◆ Goal of the exercise ◆
This task calls for the lines below starting at the one containing "LG QNED70B 65" and ending at the one containing "10pcs/lot ZFR6FGP 7100", repeated exactly with both ends kept and pictures left out.

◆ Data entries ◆
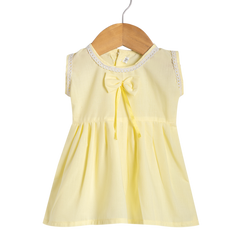 Girls Plain Frock - Pack of 3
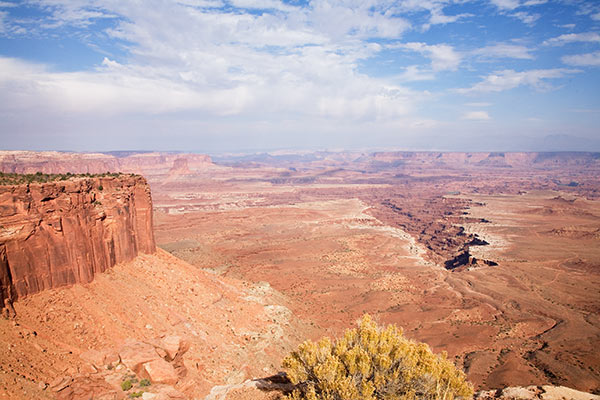 View from Buck Canyon Overlook, Island in the Sky District, Canyonlands National Park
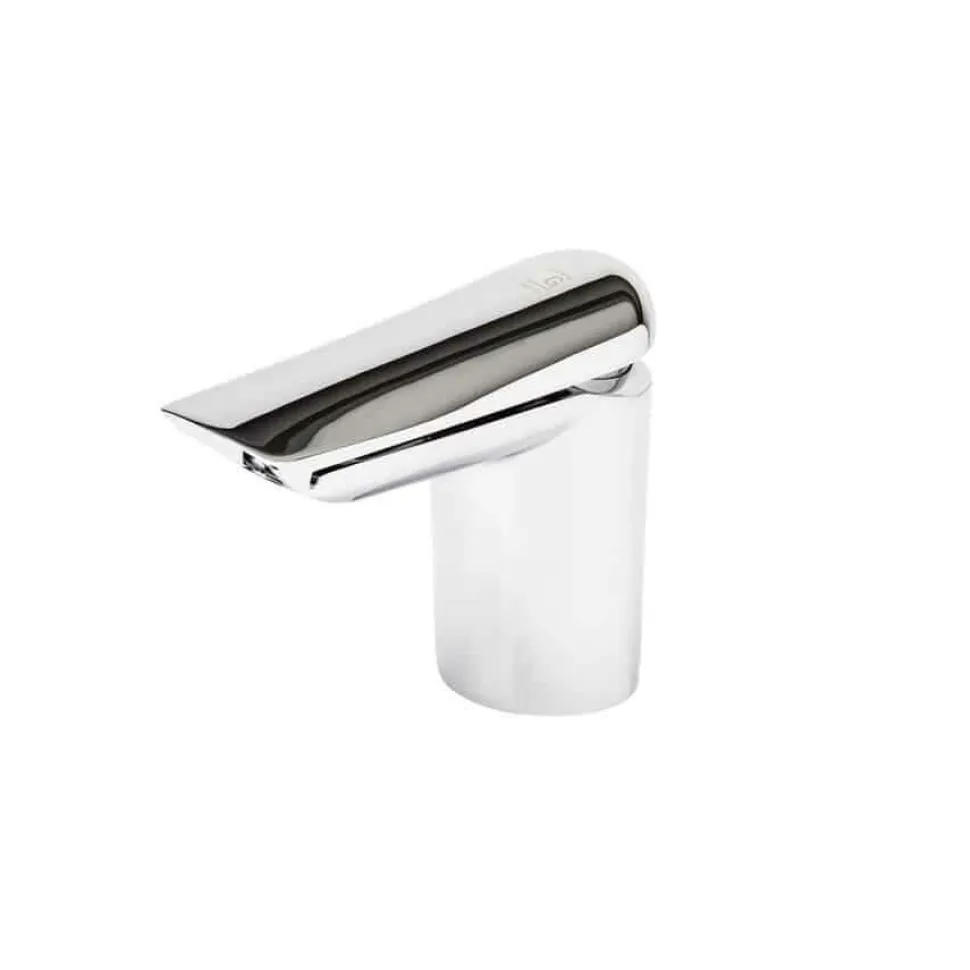 Grifo Lavabo Mini Monomando Mezclador Cromo Con Desagüe Semiautomático – Seven – 90044500 – Galindo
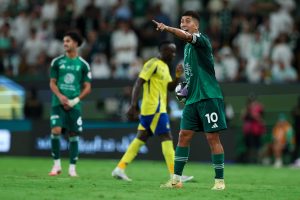 النصر يخطف نقطة التعادل من الأهلي في الوقت القاتل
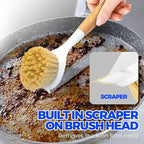 Holikme 3 Pack Dish Brush Set - Image 4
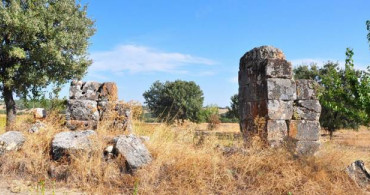 Gün Yüzüne Çıkarılmayı Bekleyen Sidas Antik Kenti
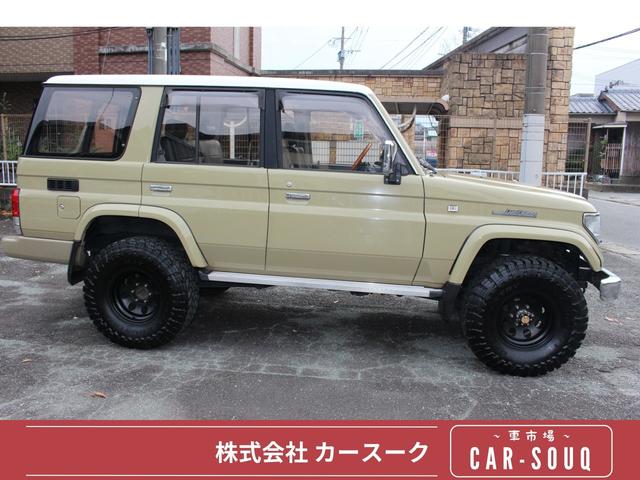 ランドクルーザープラド ＳＸワイド　ディーゼルターボ　４ＷＤ　１ナンバー　ディーゼルターボ　ベージュ２　リフトアップ　社外ホイール　フルセグナビ　バックカメラ　ドライブレコーダー　キーレス２個　保証付（7枚目）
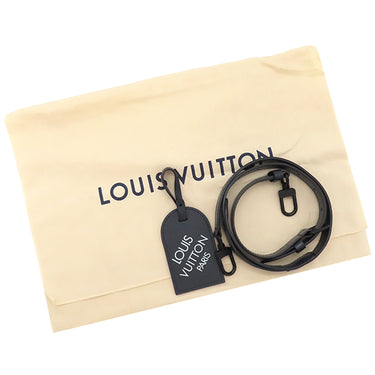 ルイヴィトン LOUIS VUITTON サックプラ クロス M23957 ブルーグラデーション レザー ダミエラッシュ 2WAYバッグ ブラック金具 黒 ショルダー エピXL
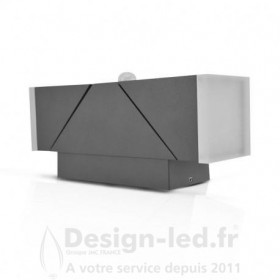 https://design-led.fr/ Applique Murale LED BUSTER 13W Détecteur 3000K Gris IP54 146,50 € 146,50 € 67815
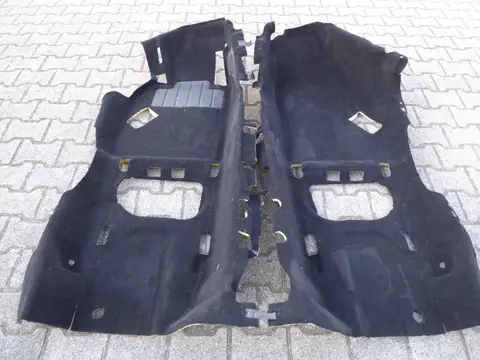 Porsche 911 997 997.2 GT3  Innenraum Teppich Schwarz  Bodenbelag 99755101192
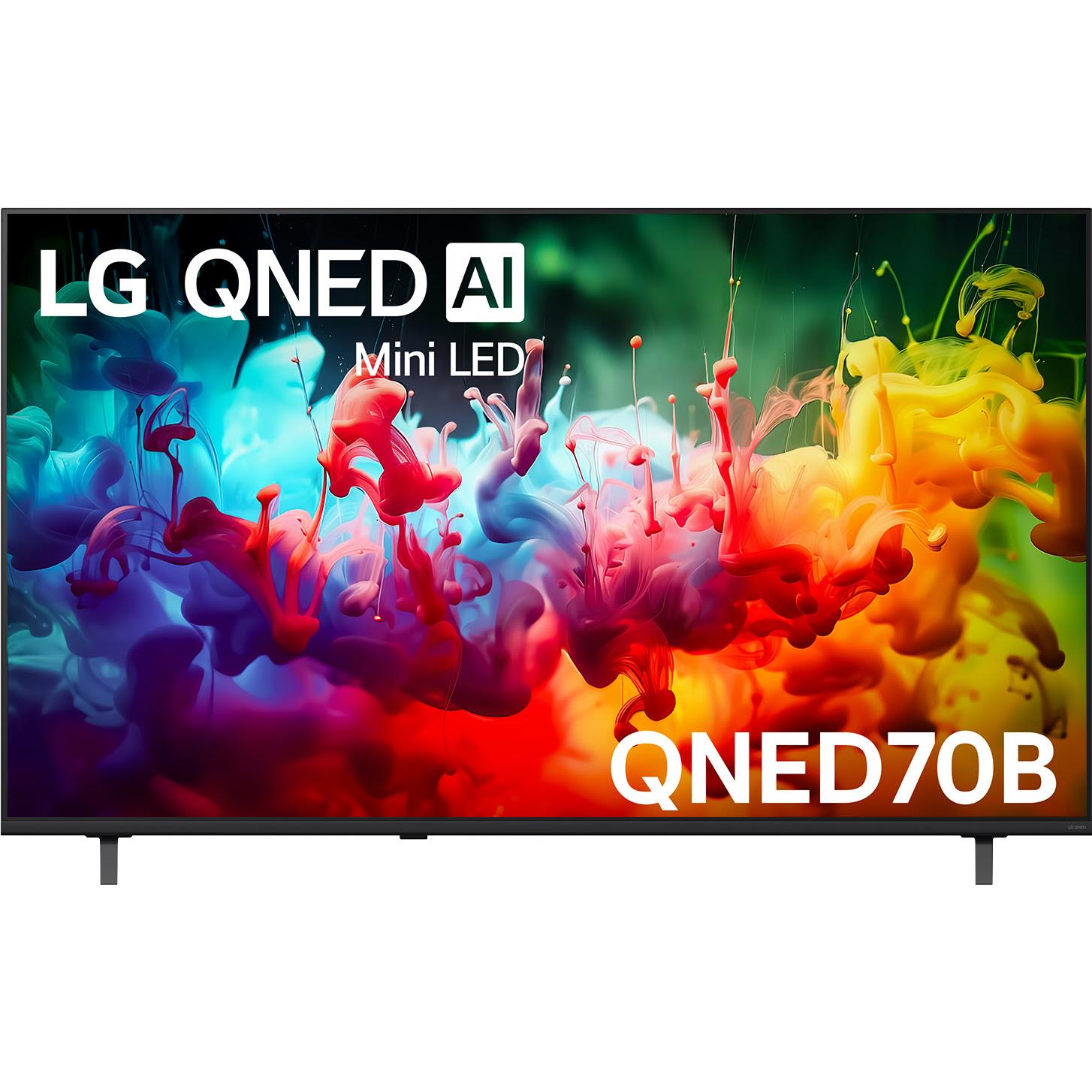 LG QNED70B 65 inch Mini LED 4K Smart TV - Large TVs - 65" to 75" at Tech Supply Shed NZ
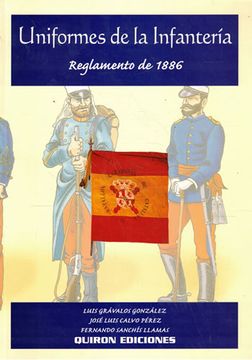 portada Uniformes de la Infanteria: Reglamento de 1886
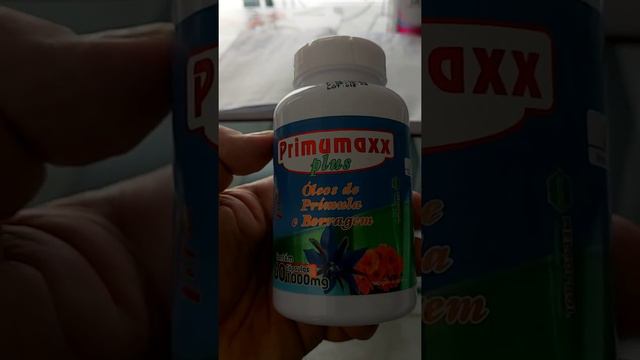 PRIMUMAX ÓLEO DE PRIMULA BORRAGEM смотреть онлайн
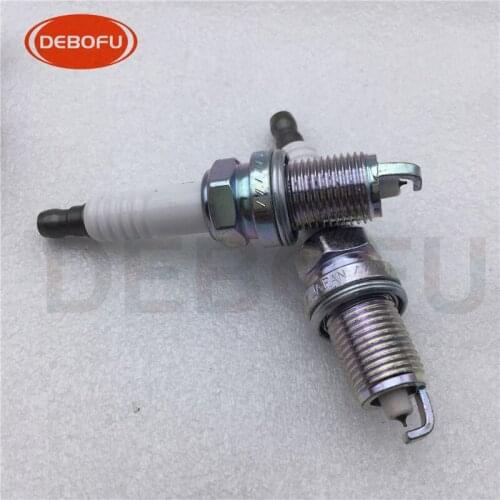 10pcs/lot ZFR6FGP 7100 Iridium Spark Plug for B-M-W D-odge F-ord M-azda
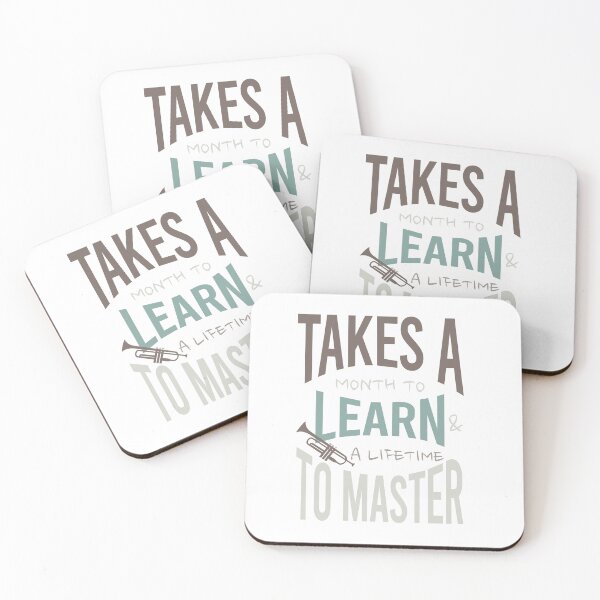 Item preview, Trumpet Takes a Month to Learn & a Lifetime to Master designed and sold by whyitsme.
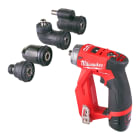 MILWAUKEE - PERCEUSE VISSEUSE 12 VOLTS M12 FDDXKIT-202X M12 FDDXKIT-202X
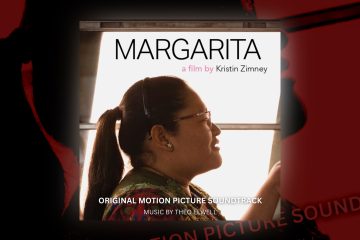 Blog post artwork for the "Margarita" Soundtrack by Theo Elwell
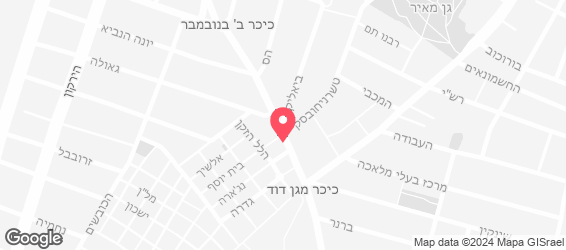 פראג הקטנה - מפה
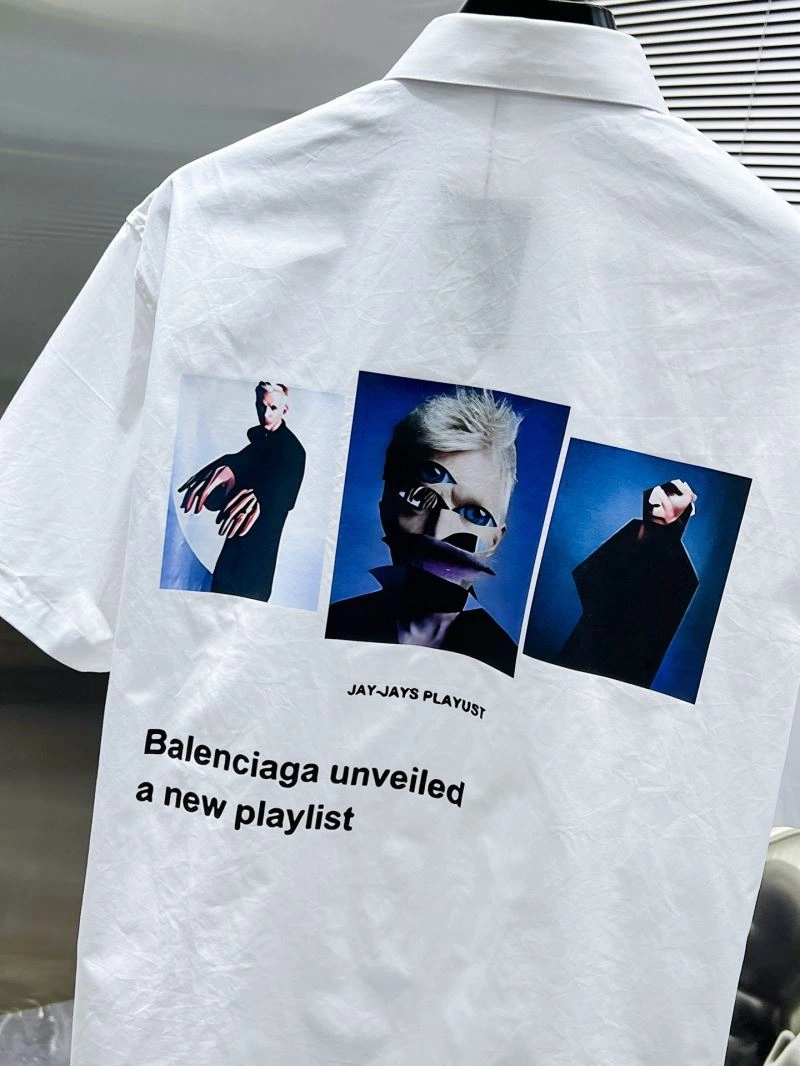 Balenciaga Shirts WaterResistant 97656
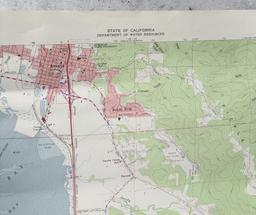 Arcata California Topographic Map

◆ Answer box ◆
 LG QNED70B 65 inch Mini LED 4K Smart TV - Large TVs - 65" to 75" at Tech Supply Shed NZ
 portada Uniformes de la Infanteria: Reglamento de 1886
 PRIMUMAX ÓLEO DE PRIMULA BORRAGEM смотреть онлайн
 10pcs/lot ZFR6FGP 7100 Iridium Spark Plug for B-M-W D-odge F-ord M-azda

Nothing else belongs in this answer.